優れたマニュアルがあれば、社内教育や業務の引き継ぎがスムーズに行えるようになり、社内の業務を効率化することが可能です。社内マニュアルと聞くと、必要事項が記載されていれば十分だと考える方もいるかもしれませんが、実際にはその内容の見え方を左右するレイアウトも重要です。
この記事では、見やすいマニュアルを作成するためのデザインの作り方を紹介します。
マニュアルを見やすくするデザインのポイント
デザインと聞くと、プロが行うものだと感じるかもしれませんが、マニュアルのデザインは決して難しいものではありません。マニュアルに適したデザインはパターン化されており、一度その方法を身につければ、あとは応用するだけです。まずは、基本的な見やすいマニュアルデザインのポイントを押さえておきましょう。
1. マニュアルのレイアウトを整える
読みやすいレイアウトを整えるためには、マニュアル内の余白を意識することが重要です。細かい文字がぎっしりと詰め込まれたマニュアルは、読みにくく、「長すぎる」「難しい」と感じられる可能性があります。文章は、必要な内容を無理に詰め込まず、極力簡潔でシンプルなものにすることが求められます。
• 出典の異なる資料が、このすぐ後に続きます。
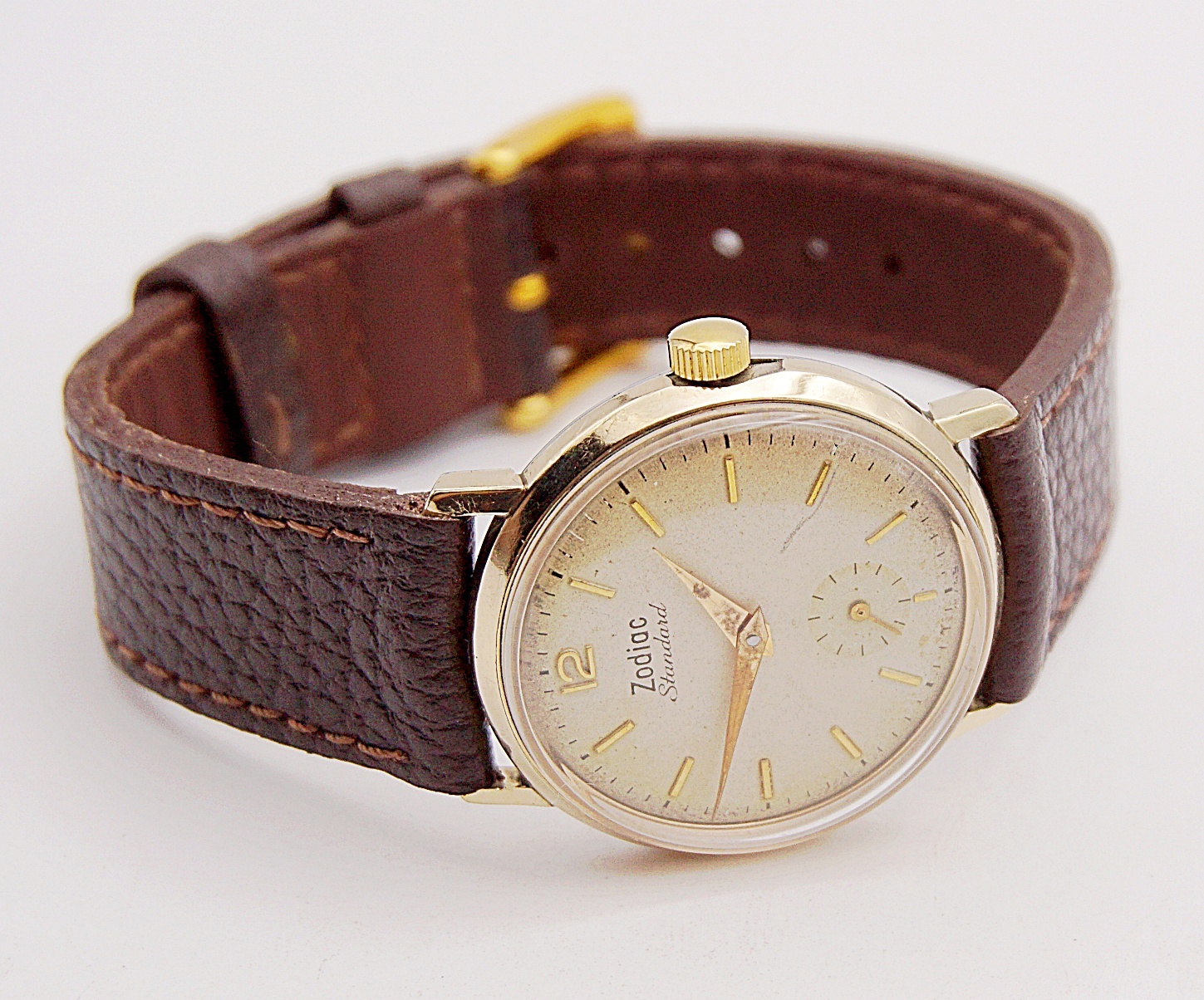 นาฬิกาเก่า ZODIAC ไขลานสองเข็มครึ่ง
文字数を減らせない場合は、ページ数を増やすことも検討しましょう。余白を活用して、エリアごとに項目を分けることで、読みやすくすっきりとしたデザインに仕上がります。また、項目内で説明を完結させ、複数の項目を行き来しなければならないレイアウトは避けるべきです。
2. 読みやすいマニュアルのフォント
基本的に、1つの書類で複数のフォントを使用しない方が良いでしょう。複数のフォントを使用すると、読む人に違和感を与えたり、統一感を欠いたりすることがあります。一般的にマニュアルで使用されるフォントの系統には、明朝体やゴシック体があります。それぞれのフォントが持つ印象は以下の通りです。
- 明朝体: 高級感、伝統、丁寧さ
- ゴシック体: 安心感、モダン、シンプルさ
「ヒラギノ明朝」「ヒラギノゴシック」など、フォントの細分化もありますが、マニュアルの内容に合ったフォントを選ぶと良いでしょう。読みやすさを優先するのも一つの方法です。また、今後も長く使用するマニュアルであれば、文字化けのリスクがある認知度の低いフォントは避けることをお勧めします。
3. マニュアルの文字カラー・太さなどの装飾
マニュアル内には業務上で注意すべき重要な点がいくつもあるかもしれませんが、すべての重要な文章をカラーにしたり太字にしたりするのは避けるべきです。強調された文字が多すぎると、本当に重要な点が分かりにくくなります。また、赤、青、ピンク、太字など多彩な装飾を用いてしまうと、一番アピールしたい点がどれなのかが曖昧になってしまいます。
重要な点を目立たせるのは良いですが、強調する箇所は絞り込み、装飾のパターンも数種類に限定するようにしましょう。
4. 図・表・写真を挿入して視覚的に分かりやすいマニュアルにする
業務フローが複雑な場合や、文章だけでは伝えにくい内容のマニュアルには、積極的に図や表を挿入することをお勧めします。必要であれば写真を活用するのも良いでしょう。複数の画像を1ページに挿入する際は、可能な限り図・表・写真などの大きさを揃えて並べることで、より見やすいマニュアルに仕上げることができます。
文章だけでは伝わりにくい内容でも、図・表・写真を活用することで、簡単に理解できるようになる可能性があることを理解しておきましょう。
マニュアルの表紙・目次を作成する際の注意点
見やすいマニュアルのデザインについて説明しましたが、マニュアルの表紙と目次を作成する際には、特に注意すべき点があります。これからマニュアルをデザインする際は、表紙や目次にも十分気を配りましょう。
1. マニュアル表紙のデザインの注意点
表紙はどのような書類においても、その書類の顔となります。つまり、表紙を手に取っただけで、何のマニュアルであるか、内容がわかる必要があります。マニュアルの表紙は「分かりやすさ」を重視するべきであり、デザインが優れているかどうかよりも、マニュアルの内容を的確に表現しているかが重要です。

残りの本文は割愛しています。